Non solo. Tepco avrebbe fatto meglio a non ignorare gli avvertimenti di
quei suoi stessi ingegneri che, già nel 2008, fecero presente che i 5,7
metri del muro che proteggeva
Fukushima Daiichi dalle
maree potevano non essere sufficienti. Profezia avveratasi 4 anni dopo,
quando un’onda di 14 metri ha investito la centrale. L’azienda, però, si
è rifiutata di migliorare le condizioni di un impianto così a rischio
anche per un altro motivo: il timore di dovere spendere troppo. Non solo
in termini di ristrutturazioni e migliorie, ammette oggi, ma anche di
noie legali, più che possibili nel momento in cui si fosse saputo che le precedenti misure di sicurezza non erano sufficienti.
Le incredibili ammissioni della Tepco sono arrivate dopo la prima
riunione del comitato incaricato di monitorare da vicino la sua ‘
riforma nucleare‘.
Un gruppo di esperti che, dopo questo incontro iniziale, ha deciso di
riunirsi ogni due o tre mesi per fare il punto della situazione.
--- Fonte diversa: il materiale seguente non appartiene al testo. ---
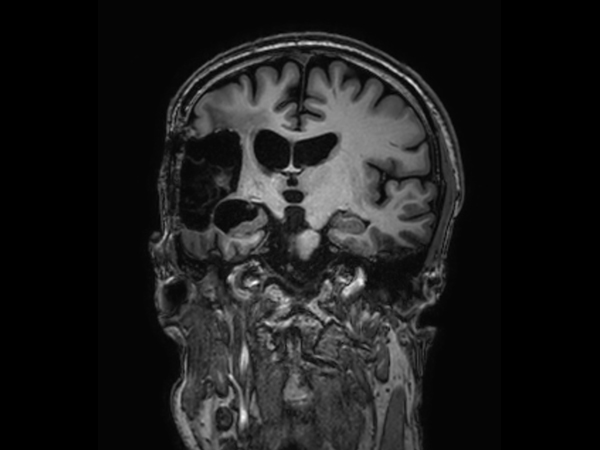 3D T1w TFE - Coronal reformat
Ma
anche per proporre soluzioni a problemi che, a Fukushima, sono ben lungi
dall’essere risolti. Il comitato non si è dato una data prefissata per
il completamento della sua missione, ma se al suo primo incontro ha
portato Tepco ad ammettere pubblicamente l’inaudito, è probabile che più
avanti possa scoprire altre realtà scabrose. Sempre con un obiettivo:
fare in modo che di “incidenti di questo tipo non se ne verifichino mai
più”. Lo ha ribadito alla stampa giapponese
Dale Klein, ex capo della
US nuclear regulatory commission
e membro del comitato stesso: “E’ molto chiaro che sono stati fatti
degli errori”, ed 2è molto importante per Tepco riconoscere il bisogno
di una riforma”. Riforma a cui, però, la compagnia elettrica si è
sottoposta solo in seguito al suo salvataggio da parte del governo di
Tokyo.
Che, con un trilione di Yen, nei mesi scorsi le ha evitato la
bancarotta. Imponendole allo stesso tempo una completa revisione del suo
management e, appunto, del suo modo di operare.